#### What is needed
An exact copy of every entry is required, minus the pictures.

(Dataset entries)
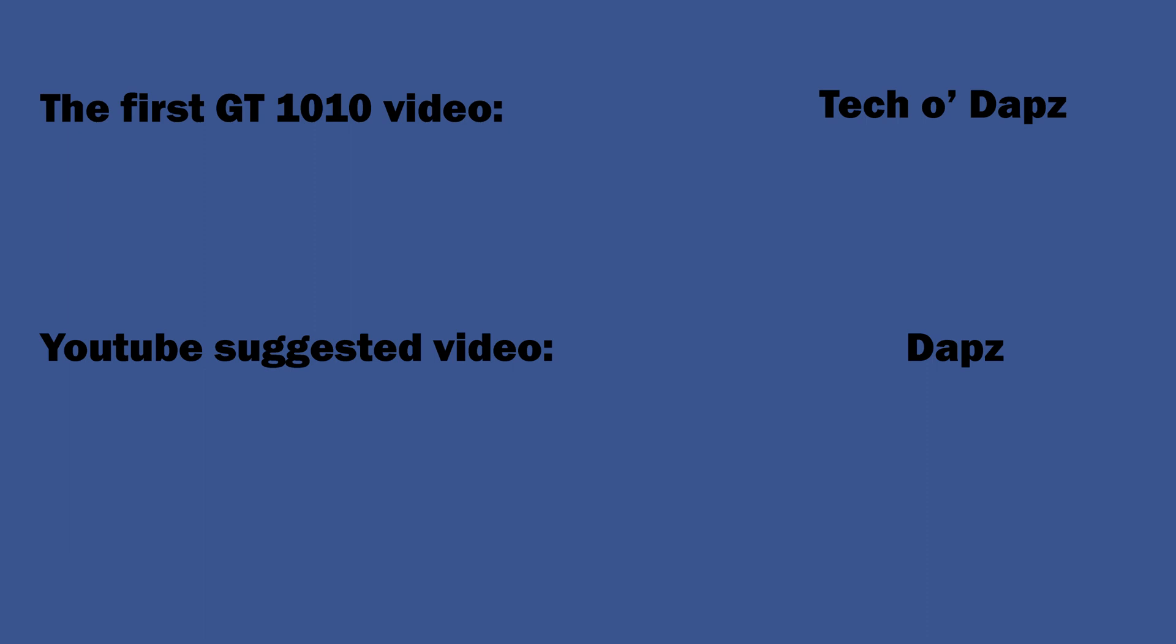If you want to subscribe, be warned I don't do tech stuff normally, so I'll redirect you to my other channel, TechAdapt, where I will post any future tech videos.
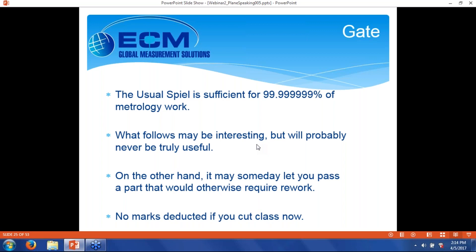That was the usual spiel — adequate for 99.9999% of metrology work. What follows is me going down the rabbit hole, digging into Y14.5.1. It may never actually be useful to you in your career, but knowledge is always good, and someday it may let you pass a part that would otherwise require rework. There will be no marks deducted if you cut class now. When we get to Q&A, if you can indicate how useful going down the rabbit hole is, I can try to do it again or never do it again based on your feedback.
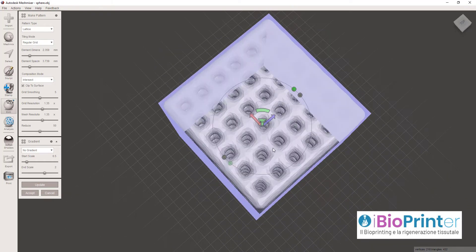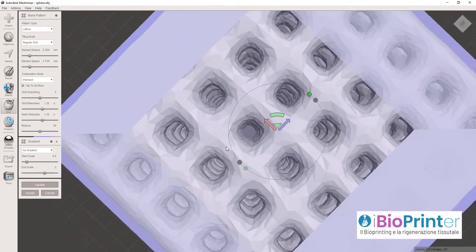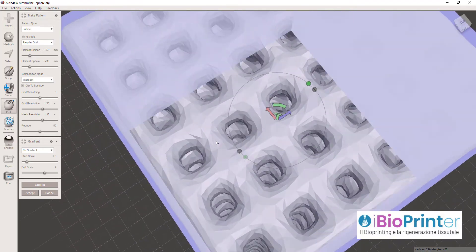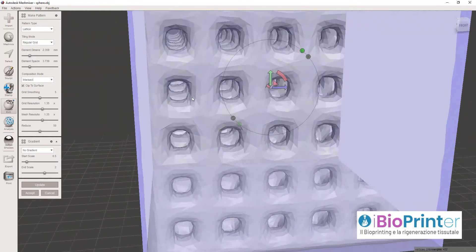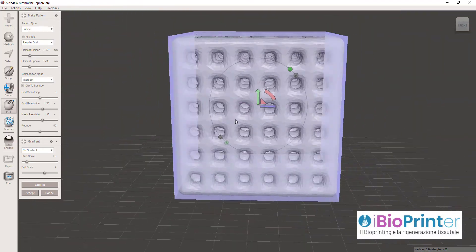Ecco qui, vedete la stessa struttura, però invece di essere una struttura positiva, è una struttura negativa.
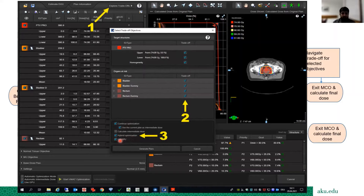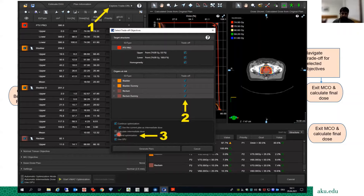In older systems, GPU and hybrid were separate options, but in latest versions hybrid optimization covers GPU automatically. Without GPU, MCO may take two to three hours depending on the number of objectives selected. With GPU, it will typically complete in about half an hour. If there are only one or two objectives, it may take as little as five to ten minutes.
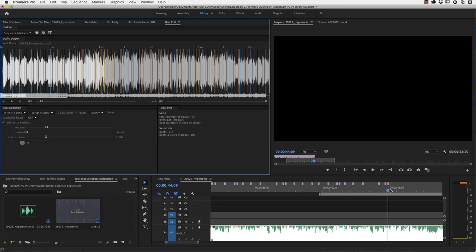So now we are at the end of our overview of BeatEdit for Premiere Pro. I hope you enjoyed it and have fun editing with BeatEdit.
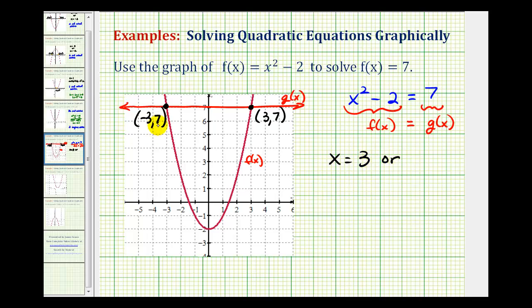This point here is telling us that when x is equal to negative 3, both functions are also equal to 7, which would satisfy this equation as well. So we have two real rational solutions.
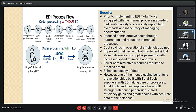Order processing without EDI involved the buyer generating a purchase order, sending it to the supplier, the supplier entering it into their system, creating an invoice and sending it to the buyer, and the buyer entering the invoice into their system. After implementing EDI, the buyer's internal system sends directly through EDI to the supplier. Prior to EDI, Total Tools struggled with manual processing burdens, limited reporting ability, high overheads, and inaccurate documentation management. After EDI, they achieved reduced administrative burden through automation, cost savings, improved timelines, fewer manual processes, and enhanced data quality.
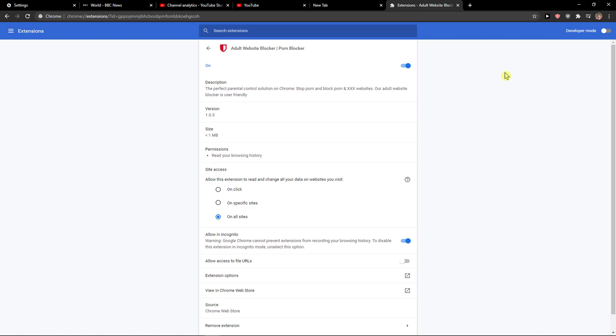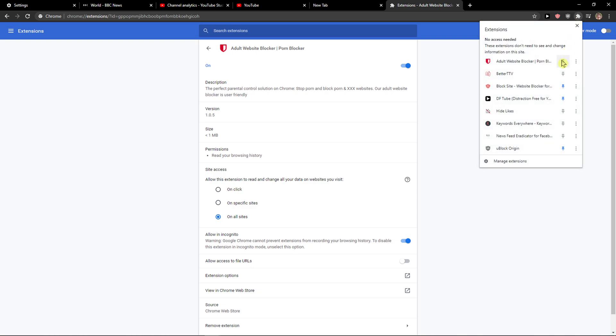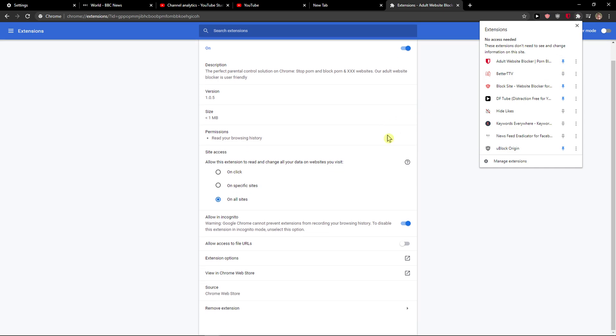And you're going to see everything here, but what you want to do is when you click on extension, you just want to click on the pin here, and this is how you can simply pin it.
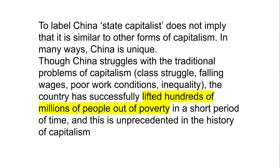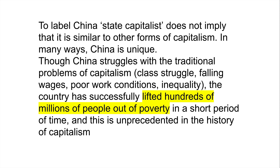The country has successfully lifted hundreds of millions of people out of poverty and has a really massive and amazing record of success with regard to social welfare — unprecedented in the history of capitalism and achieved in such a short period of time. If we use the term state capitalist to describe China, we have to acknowledge that what it's doing is very different from other forms of capitalism we've seen historically — really like night and day, even though it clearly has many of the same traditional problems.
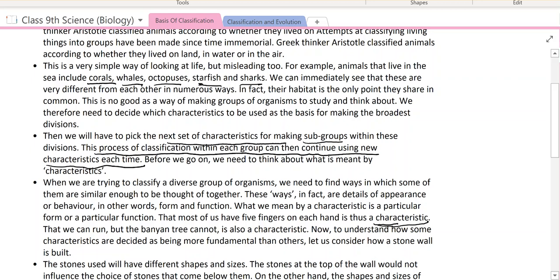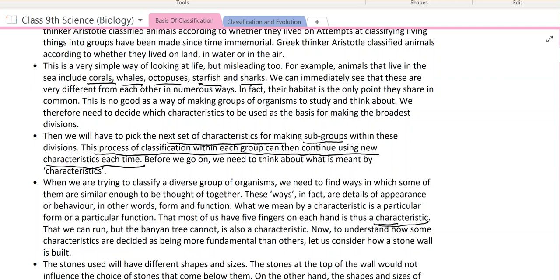For example, that most of us have five fingers in each hand is a characteristic. With the help of these five fingers, we can run — but the banyan tree cannot. This is also a characteristic, because it is a particular function. The banyan tree cannot do this because it is a plant, not an animal. So five fingers in each hand is a characteristic feature, and the ability to run is also a characteristic feature.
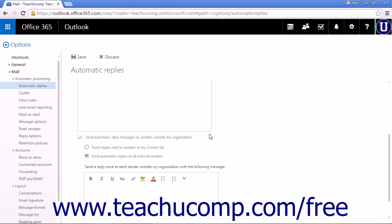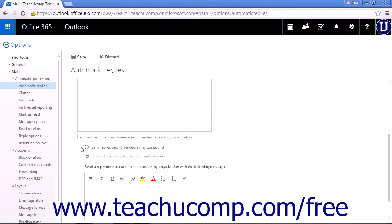To allow the Outlook web app to send automatic replies to senders from outside your organization, ensure the Check Automatic Reply messages to senders outside my organization checkbox is checked. This will set the automatic reply to be sent to anyone who sends you an email message. You can limit the replies to only people in your contact list by selecting the Send Replies Only to Senders in My Contact List radio button, or the default Send Automatic Replies to All External Senders is chosen when you check that checkbox.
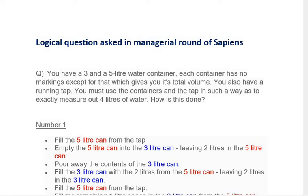Friends, this is a logical question which was asked to me in the managerial round of Sapiens. The question is: you have a three-liter and five-liter water container. Each container has no markings except for that which gives its total volume. You also have a running tap. You must use the containers and the tap to exactly measure out four liters of water. How is this done?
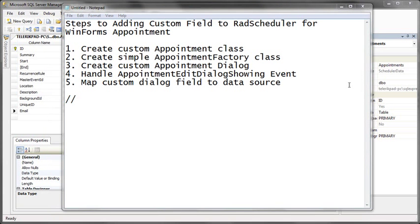To add a custom field to RAD Scheduler, there are five basic steps. First, we need to create a custom appointment class that inherits from the standard RAD Scheduler appointment class. We then need to create a simple appointment factory class — RAD Scheduler uses a factory class to get the correct appointment type, so by creating a simple appointment factory, we can return our new custom appointment with email class. We then need to create a custom appointment dialog — the dialog that has the text box for entering the email — inheriting from the standard dialog. Finally, we need to handle the appointment edit dialog showing event so we can replace the standard dialog with our new customized dialog. The last step is to map the custom dialog field back to our data source so the value entered can be saved to the database.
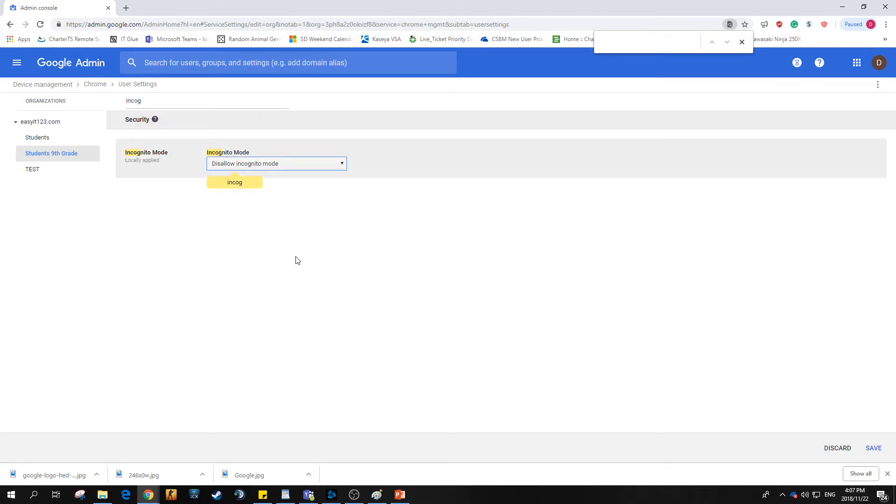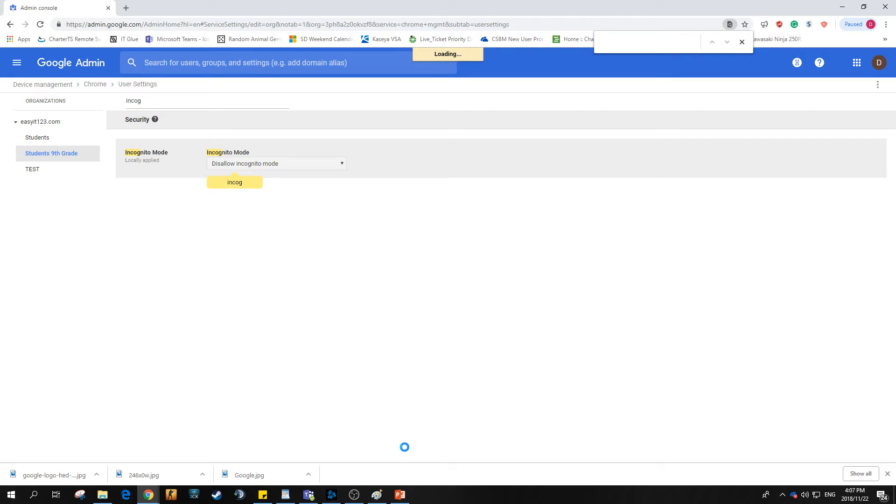Hit the save button. This will allow incognito mode to be blocked for the ninth grade students. Whoever's in that OU will have that setting implemented against them and they won't be able to go in incognito mode.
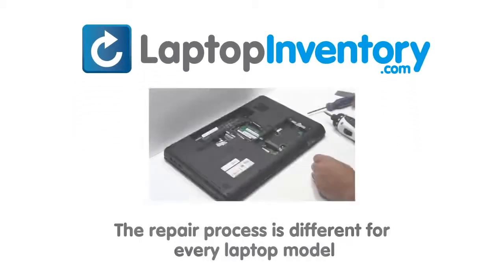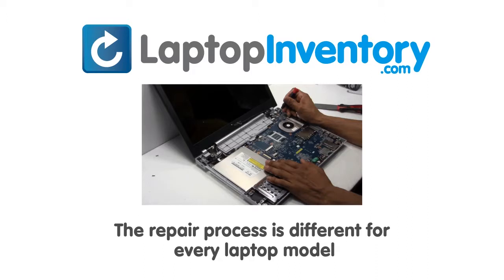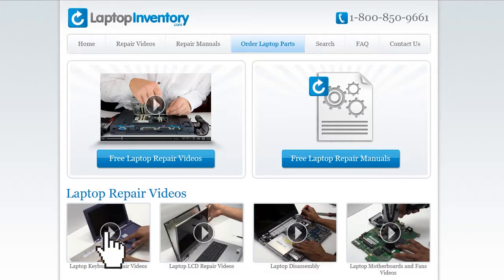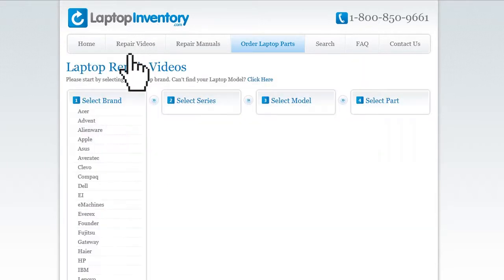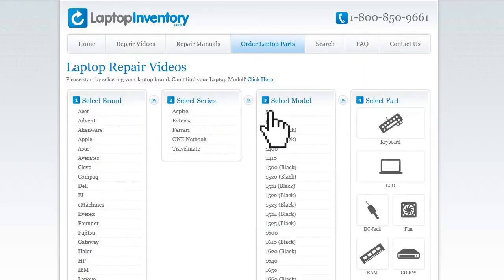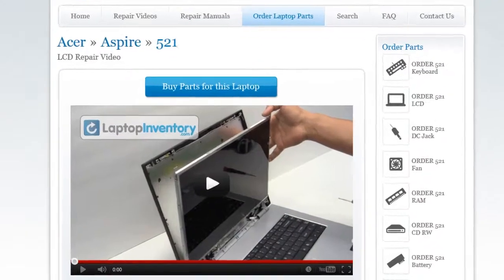Notice: the repair process is different for every laptop model. At LaptopInventory.com, we have created a database with thousands of free laptop repair videos. Simply go to LaptopInventory.com, select your laptop brand, series and model, and find the exact repair video for your laptop.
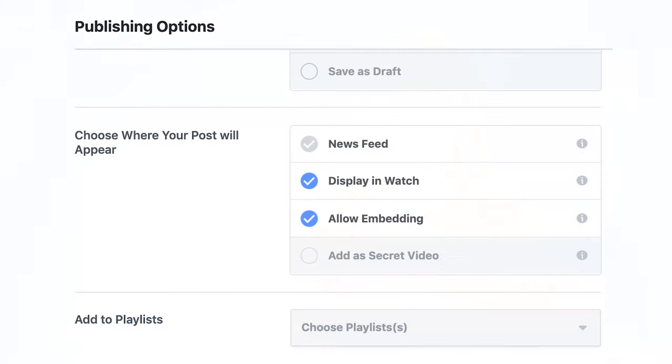When you're posting a video to Facebook, you're going to want to add your video to a playlist. This is done in the publishing options section below, under 'choose where your post will appear.'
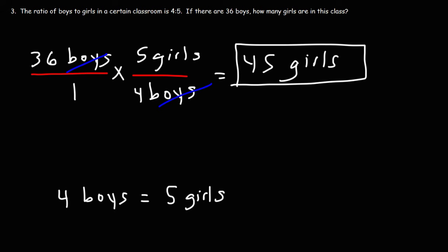So dimensional analysis is very useful for solving problems, such as ratio problems, conversion problems. There's a lot of things you can do with it if you understand it.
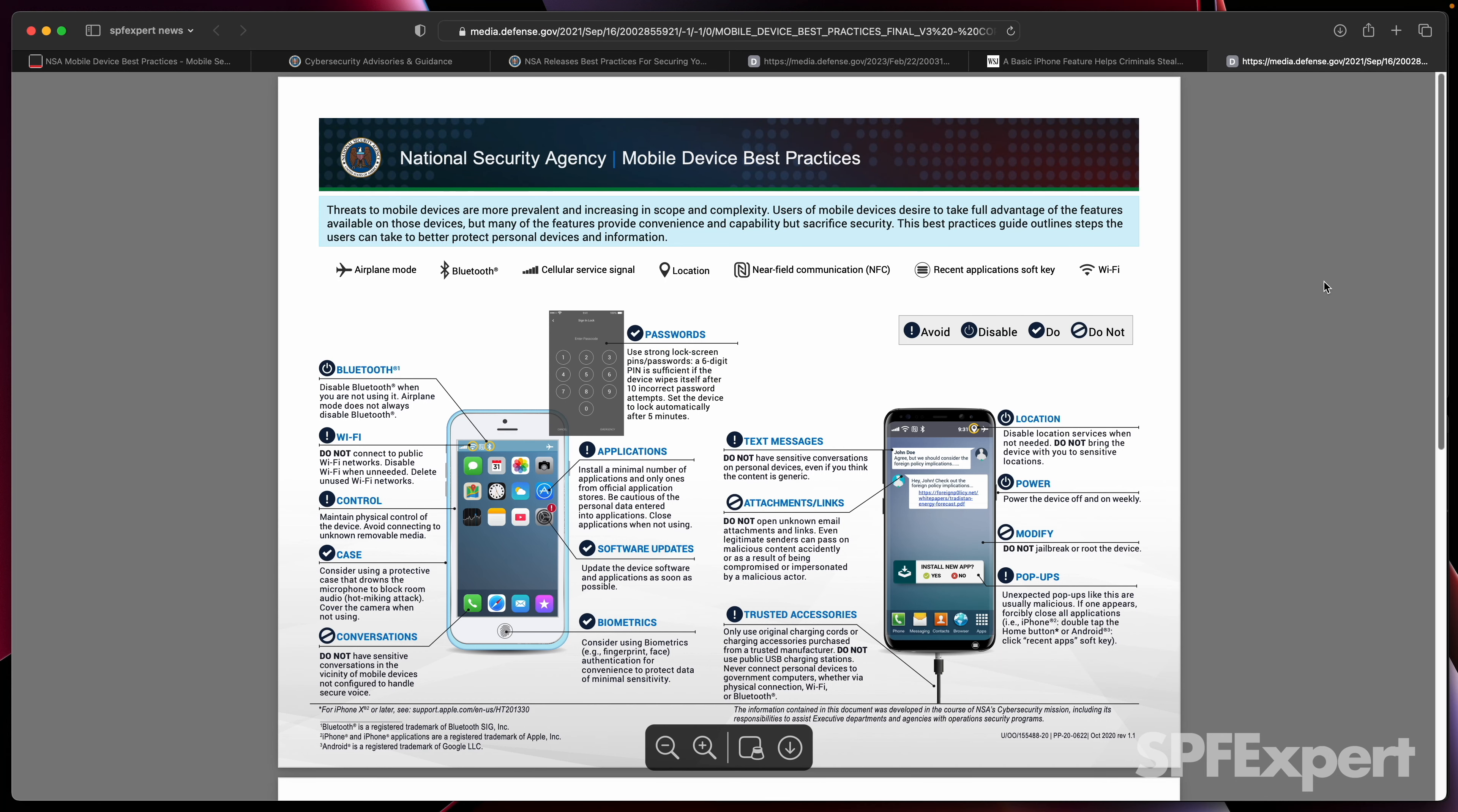So let's take a quick look at the best practices. It's really just a two-page document. Generally speaking, mobile networks are really fast today. So try not to connect to public Wi-Fi networks if you can help it.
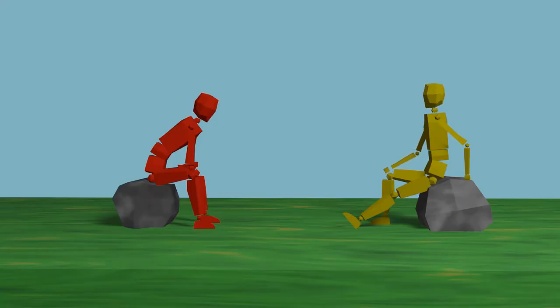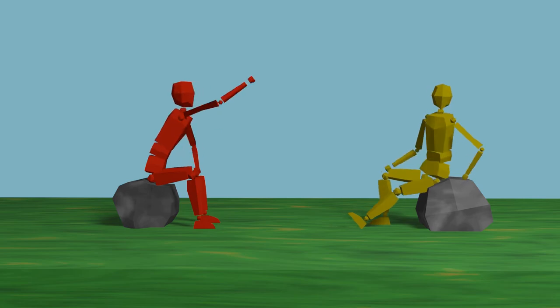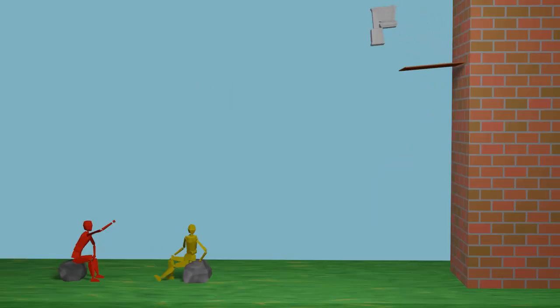If only there was an invention that would allow me to get up to that place safely.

#### Reply to the task
If you want to subscribe, be warned I don't do tech stuff normally, so I'll redirect you to my other channel, TechAdapt, where I will post any future tech videos.
That was the usual spiel — adequate for 99.9999% of metrology work. What follows is me going down the rabbit hole, digging into Y14.5.1. It may never actually be useful to you in your career, but knowledge is always good, and someday it may let you pass a part that would otherwise require rework. There will be no marks deducted if you cut class now. When we get to Q&A, if you can indicate how useful going down the rabbit hole is, I can try to do it again or never do it again based on your feedback.
Ecco qui, vedete la stessa struttura, però invece di essere una struttura positiva, è una struttura negativa.
In older systems, GPU and hybrid were separate options, but in latest versions hybrid optimization covers GPU automatically. Without GPU, MCO may take two to three hours depending on the number of objectives selected. With GPU, it will typically complete in about half an hour. If there are only one or two objectives, it may take as little as five to ten minutes.
So now we are at the end of our overview of BeatEdit for Premiere Pro. I hope you enjoyed it and have fun editing with BeatEdit.
This point here is telling us that when x is equal to negative 3, both functions are also equal to 7, which would satisfy this equation as well. So we have two real rational solutions.
Order processing without EDI involved the buyer generating a purchase order, sending it to the supplier, the supplier entering it into their system, creating an invoice and sending it to the buyer, and the buyer entering the invoice into their system. After implementing EDI, the buyer's internal system sends directly through EDI to the supplier. Prior to EDI, Total Tools struggled with manual processing burdens, limited reporting ability, high overheads, and inaccurate documentation management. After EDI, they achieved reduced administrative burden through automation, cost savings, improved timelines, fewer manual processes, and enhanced data quality.
And you're going to see everything here, but what you want to do is when you click on extension, you just want to click on the pin here, and this is how you can simply pin it.
The country has successfully lifted hundreds of millions of people out of poverty and has a really massive and amazing record of success with regard to social welfare — unprecedented in the history of capitalism and achieved in such a short period of time. If we use the term state capitalist to describe China, we have to acknowledge that what it's doing is very different from other forms of capitalism we've seen historically — really like night and day, even though it clearly has many of the same traditional problems.
For example, that most of us have five fingers in each hand is a characteristic. With the help of these five fingers, we can run — but the banyan tree cannot. This is also a characteristic, because it is a particular function. The banyan tree cannot do this because it is a plant, not an animal. So five fingers in each hand is a characteristic feature, and the ability to run is also a characteristic feature.
To allow the Outlook web app to send automatic replies to senders from outside your organization, ensure the Check Automatic Reply messages to senders outside my organization checkbox is checked. This will set the automatic reply to be sent to anyone who sends you an email message. You can limit the replies to only people in your contact list by selecting the Send Replies Only to Senders in My Contact List radio button, or the default Send Automatic Replies to All External Senders is chosen when you check that checkbox.
Friends, this is a logical question which was asked to me in the managerial round of Sapiens. The question is: you have a three-liter and five-liter water container. Each container has no markings except for that which gives its total volume. You also have a running tap. You must use the containers and the tap to exactly measure out four liters of water. How is this done?
To add a custom field to RAD Scheduler, there are five basic steps. First, we need to create a custom appointment class that inherits from the standard RAD Scheduler appointment class. We then need to create a simple appointment factory class — RAD Scheduler uses a factory class to get the correct appointment type, so by creating a simple appointment factory, we can return our new custom appointment with email class. We then need to create a custom appointment dialog — the dialog that has the text box for entering the email — inheriting from the standard dialog. Finally, we need to handle the appointment edit dialog showing event so we can replace the standard dialog with our new customized dialog. The last step is to map the custom dialog field back to our data source so the value entered can be saved to the database.
Hit the save button. This will allow incognito mode to be blocked for the ninth grade students. Whoever's in that OU will have that setting implemented against them and they won't be able to go in incognito mode.
Notice: the repair process is different for every laptop model. At LaptopInventory.com, we have created a database with thousands of free laptop repair videos. Simply go to LaptopInventory.com, select your laptop brand, series and model, and find the exact repair video for your laptop.
When you're posting a video to Facebook, you're going to want to add your video to a playlist. This is done in the publishing options section below, under 'choose where your post will appear.'
So dimensional analysis is very useful for solving problems, such as ratio problems, conversion problems. There's a lot of things you can do with it if you understand it.
So let's take a quick look at the best practices. It's really just a two-page document. Generally speaking, mobile networks are really fast today. So try not to connect to public Wi-Fi networks if you can help it.
If only there was an invention that would allow me to get up to that place safely.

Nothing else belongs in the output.